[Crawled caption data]

"""

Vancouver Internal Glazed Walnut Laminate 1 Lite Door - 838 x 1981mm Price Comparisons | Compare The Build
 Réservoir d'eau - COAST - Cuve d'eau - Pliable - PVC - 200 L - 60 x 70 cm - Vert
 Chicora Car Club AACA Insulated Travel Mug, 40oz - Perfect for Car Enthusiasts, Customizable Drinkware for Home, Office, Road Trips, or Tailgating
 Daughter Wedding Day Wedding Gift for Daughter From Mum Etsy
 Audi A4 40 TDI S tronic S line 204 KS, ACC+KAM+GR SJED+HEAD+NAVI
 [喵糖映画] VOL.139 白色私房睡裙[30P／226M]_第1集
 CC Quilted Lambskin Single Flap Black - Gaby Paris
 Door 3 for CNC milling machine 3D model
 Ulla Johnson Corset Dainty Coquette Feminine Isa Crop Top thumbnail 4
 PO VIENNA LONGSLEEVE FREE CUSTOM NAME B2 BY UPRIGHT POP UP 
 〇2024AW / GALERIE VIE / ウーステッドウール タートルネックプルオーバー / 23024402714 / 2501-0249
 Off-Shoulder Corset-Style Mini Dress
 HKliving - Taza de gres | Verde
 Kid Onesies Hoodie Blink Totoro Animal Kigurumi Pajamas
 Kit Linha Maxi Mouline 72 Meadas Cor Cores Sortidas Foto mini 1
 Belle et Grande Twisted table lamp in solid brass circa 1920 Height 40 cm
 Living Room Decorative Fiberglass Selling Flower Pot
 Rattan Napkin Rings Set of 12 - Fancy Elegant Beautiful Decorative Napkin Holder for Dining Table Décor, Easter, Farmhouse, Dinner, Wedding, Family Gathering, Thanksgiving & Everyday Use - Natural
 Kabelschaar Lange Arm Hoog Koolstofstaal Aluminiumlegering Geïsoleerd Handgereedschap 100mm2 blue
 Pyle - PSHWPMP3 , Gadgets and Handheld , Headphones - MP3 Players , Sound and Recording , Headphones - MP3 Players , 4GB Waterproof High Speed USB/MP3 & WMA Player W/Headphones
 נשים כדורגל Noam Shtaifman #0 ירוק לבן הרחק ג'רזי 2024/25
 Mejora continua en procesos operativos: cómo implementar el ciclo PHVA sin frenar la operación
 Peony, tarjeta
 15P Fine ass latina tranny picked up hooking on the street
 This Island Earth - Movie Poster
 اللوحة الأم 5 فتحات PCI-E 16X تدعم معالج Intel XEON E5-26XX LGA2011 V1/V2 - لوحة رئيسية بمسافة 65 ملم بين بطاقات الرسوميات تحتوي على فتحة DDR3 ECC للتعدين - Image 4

"""

= What is being asked =
Transcribe exactly, and only, the lines from the opening line of the records through the line containing "15P Fine ass".

= Finished exercise =
Vancouver Internal Glazed Walnut Laminate 1 Lite Door - 838 x 1981mm Price Comparisons | Compare The Build
 Réservoir d'eau - COAST - Cuve d'eau - Pliable - PVC - 200 L - 60 x 70 cm - Vert
 Chicora Car Club AACA Insulated Travel Mug, 40oz - Perfect for Car Enthusiasts, Customizable Drinkware for Home, Office, Road Trips, or Tailgating
 Daughter Wedding Day Wedding Gift for Daughter From Mum Etsy
 Audi A4 40 TDI S tronic S line 204 KS, ACC+KAM+GR SJED+HEAD+NAVI
 [喵糖映画] VOL.139 白色私房睡裙[30P／226M]_第1集
 CC Quilted Lambskin Single Flap Black - Gaby Paris
 Door 3 for CNC milling machine 3D model
 Ulla Johnson Corset Dainty Coquette Feminine Isa Crop Top thumbnail 4
 PO VIENNA LONGSLEEVE FREE CUSTOM NAME B2 BY UPRIGHT POP UP 
 〇2024AW / GALERIE VIE / ウーステッドウール タートルネックプルオーバー / 23024402714 / 2501-0249
 Off-Shoulder Corset-Style Mini Dress
 HKliving - Taza de gres | Verde
 Kid Onesies Hoodie Blink Totoro Animal Kigurumi Pajamas
 Kit Linha Maxi Mouline 72 Meadas Cor Cores Sortidas Foto mini 1
 Belle et Grande Twisted table lamp in solid brass circa 1920 Height 40 cm
 Living Room Decorative Fiberglass Selling Flower Pot
 Rattan Napkin Rings Set of 12 - Fancy Elegant Beautiful Decorative Napkin Holder for Dining Table Décor, Easter, Farmhouse, Dinner, Wedding, Family Gathering, Thanksgiving & Everyday Use - Natural
 Kabelschaar Lange Arm Hoog Koolstofstaal Aluminiumlegering Geïsoleerd Handgereedschap 100mm2 blue
 Pyle - PSHWPMP3 , Gadgets and Handheld , Headphones - MP3 Players , Sound and Recording , Headphones - MP3 Players , 4GB Waterproof High Speed USB/MP3 & WMA Player W/Headphones
 נשים כדורגל Noam Shtaifman #0 ירוק לבן הרחק ג'רזי 2024/25
 Mejora continua en procesos operativos: cómo implementar el ciclo PHVA sin frenar la operación
 Peony, tarjeta
 15P Fine ass latina tranny picked up hooking on the street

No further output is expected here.